▶ COLLECTED MATERIAL
+ + + +

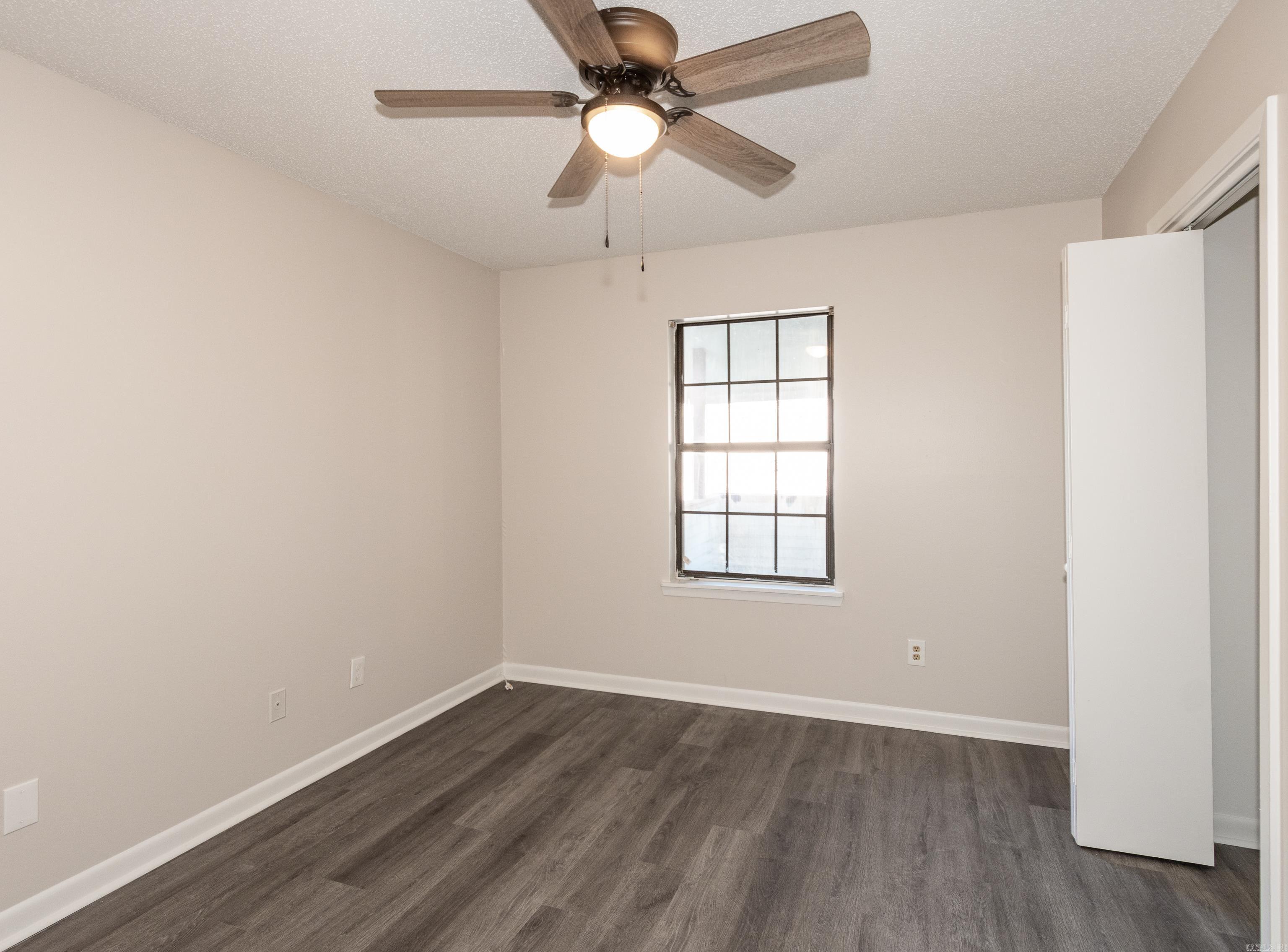 1100 Brookside Drive 68 Property Photo 12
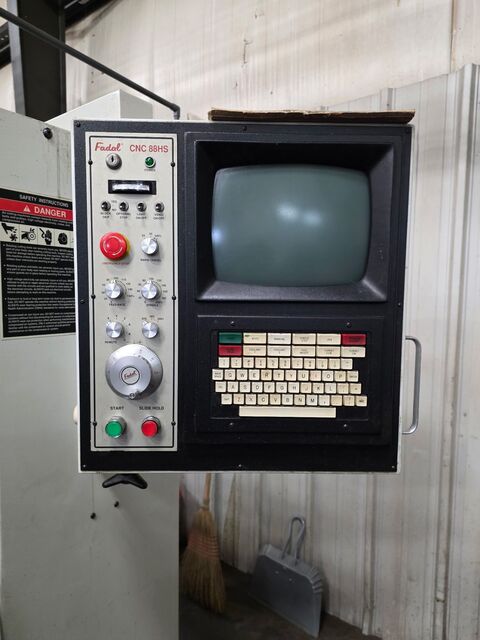 Fadal #VMC-15, CNC Vertical Machining Center, 20" X, 16" Y, 20" Z, 29.5" x 16" table, 7.5 HP, 7500 RPM - Image 2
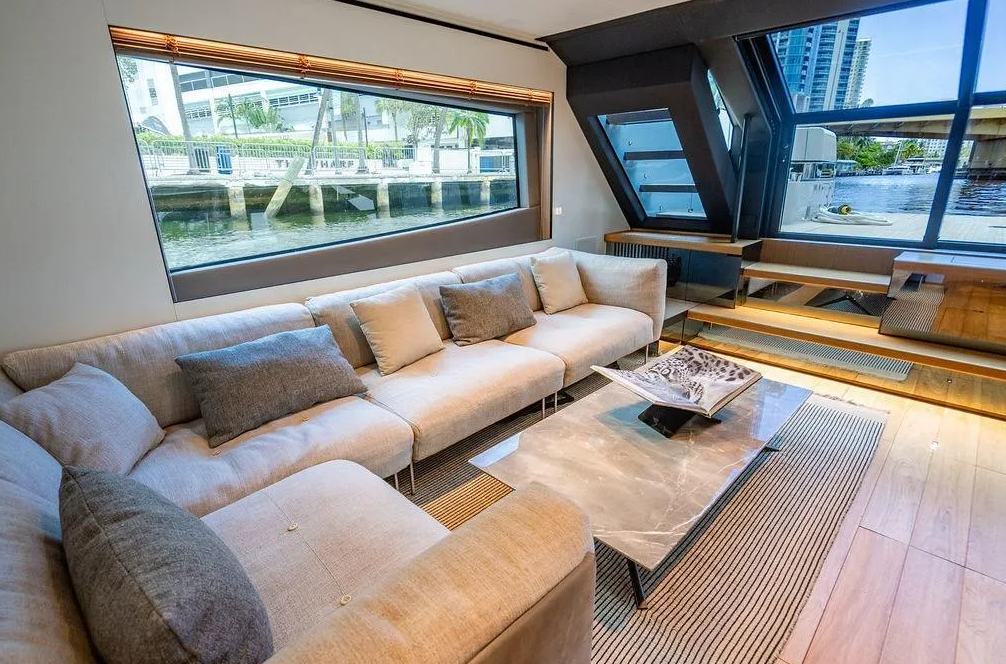 🌊🛥️ EXCLUSIVITÉ : LA VILLA FLOTTANTE BLUEGAME BG72 EST DISPONIBLE CHEZ PRESTIGE ESCAPADE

+ + + +

▶ WHAT THE EXERCISE ASKS
A word-for-word reprint of the listing above is needed, minus the pictures.

▶ REPLY
 1100 Brookside Drive 68 Property Photo 12
 Fadal #VMC-15, CNC Vertical Machining Center, 20" X, 16" Y, 20" Z, 29.5" x 16" table, 7.5 HP, 7500 RPM - Image 2
 🌊🛥️ EXCLUSIVITÉ : LA VILLA FLOTTANTE BLUEGAME BG72 EST DISPONIBLE CHEZ PRESTIGE ESCAPADE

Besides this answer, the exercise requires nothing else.